→ **Task statement**
Starting at the line containing "Mens Luxury Trainers" and ending at the line containing "Make 20 cards", print every line of the material below exactly, both ends included, and stop there.

→ **Listed records**
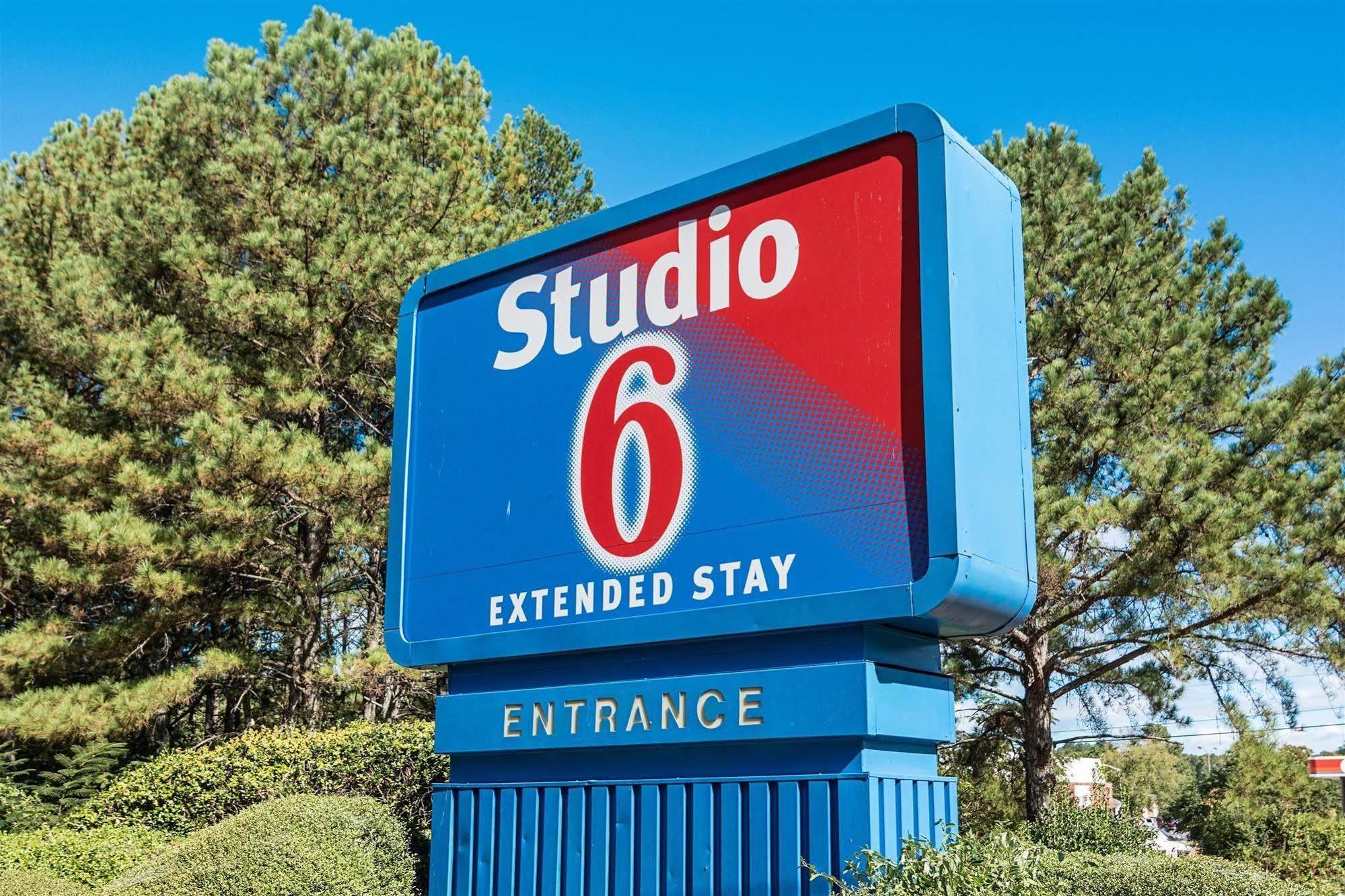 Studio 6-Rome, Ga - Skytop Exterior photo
---
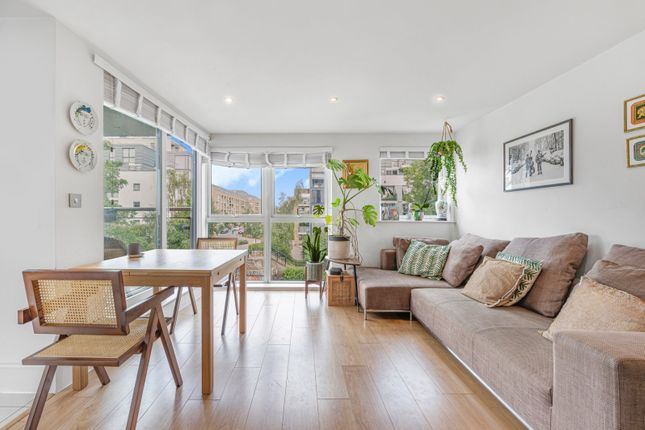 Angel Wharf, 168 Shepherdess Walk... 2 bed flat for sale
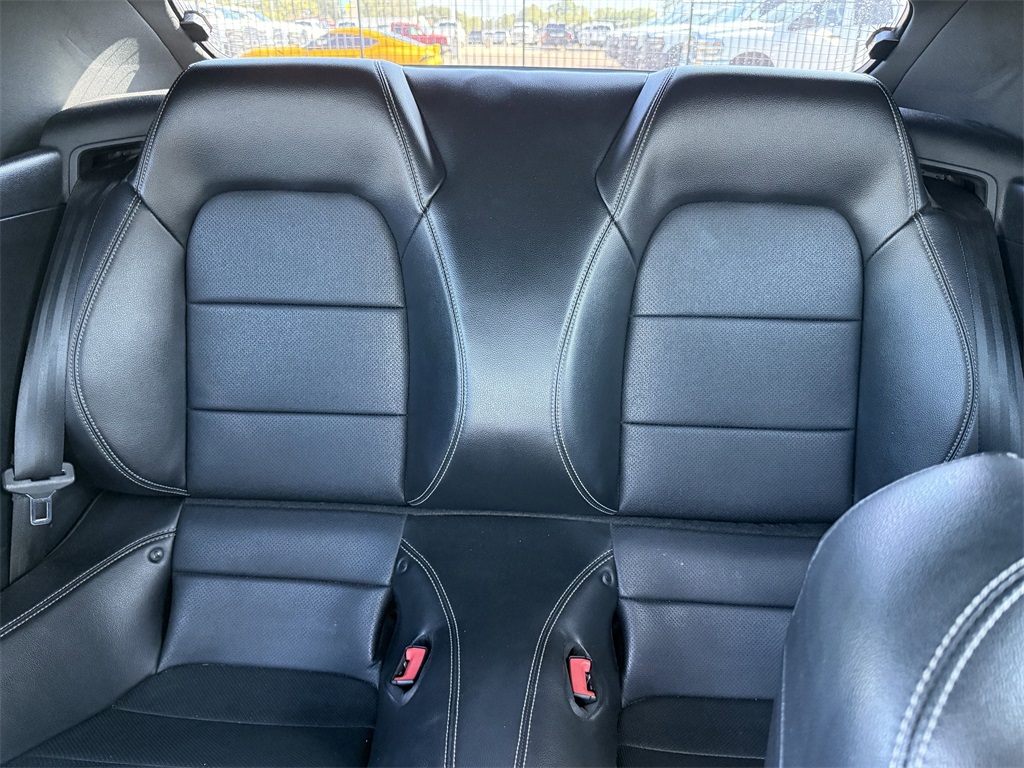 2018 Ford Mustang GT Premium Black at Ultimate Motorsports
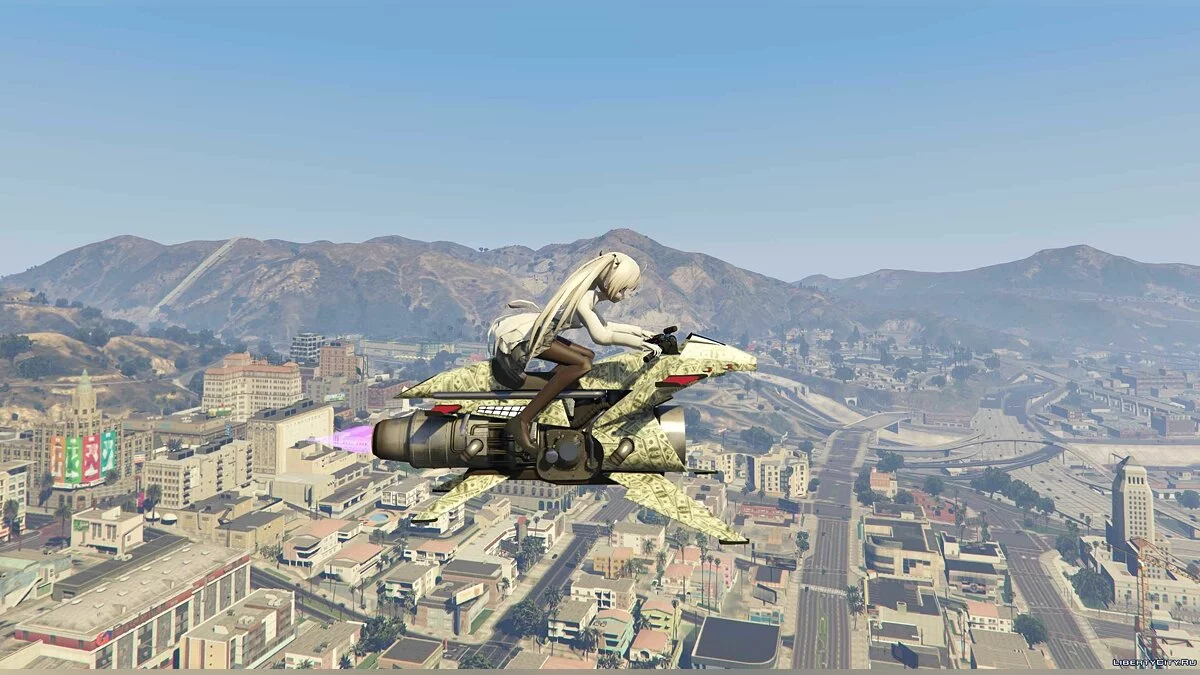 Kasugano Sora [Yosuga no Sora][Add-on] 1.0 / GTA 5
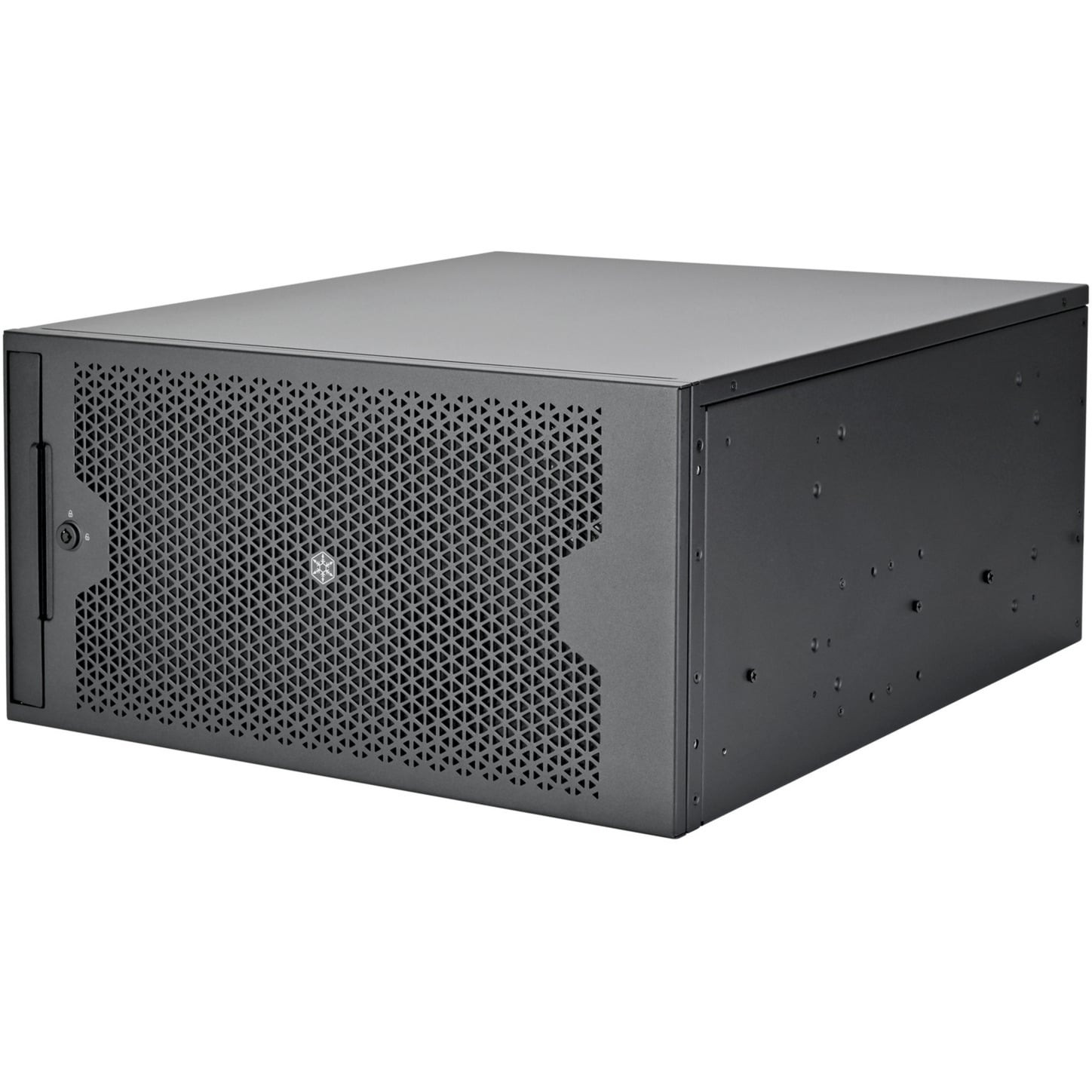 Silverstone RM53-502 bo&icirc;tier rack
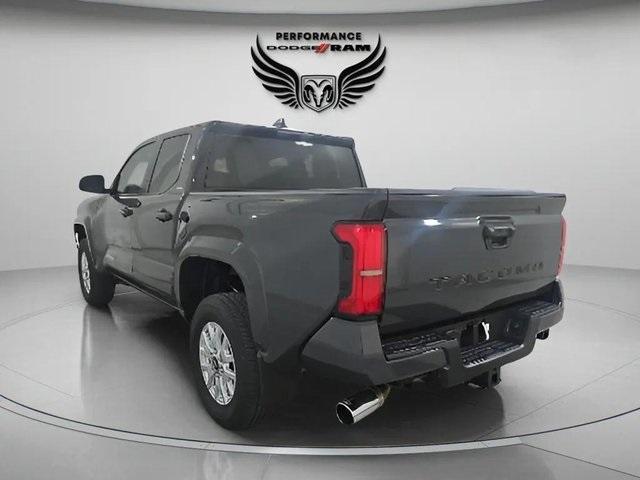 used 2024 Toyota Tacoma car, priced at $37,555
--
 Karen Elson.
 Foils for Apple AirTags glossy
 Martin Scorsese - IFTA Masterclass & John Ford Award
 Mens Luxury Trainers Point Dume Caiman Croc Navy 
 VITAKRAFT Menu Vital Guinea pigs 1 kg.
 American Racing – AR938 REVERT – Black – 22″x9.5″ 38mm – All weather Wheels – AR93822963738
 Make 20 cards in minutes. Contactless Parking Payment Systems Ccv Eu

→ **Completed task**
 Mens Luxury Trainers Point Dume Caiman Croc Navy 
 VITAKRAFT Menu Vital Guinea pigs 1 kg.
 American Racing – AR938 REVERT – Black – 22″x9.5″ 38mm – All weather Wheels – AR93822963738
 Make 20 cards in minutes. Contactless Parking Payment Systems Ccv Eu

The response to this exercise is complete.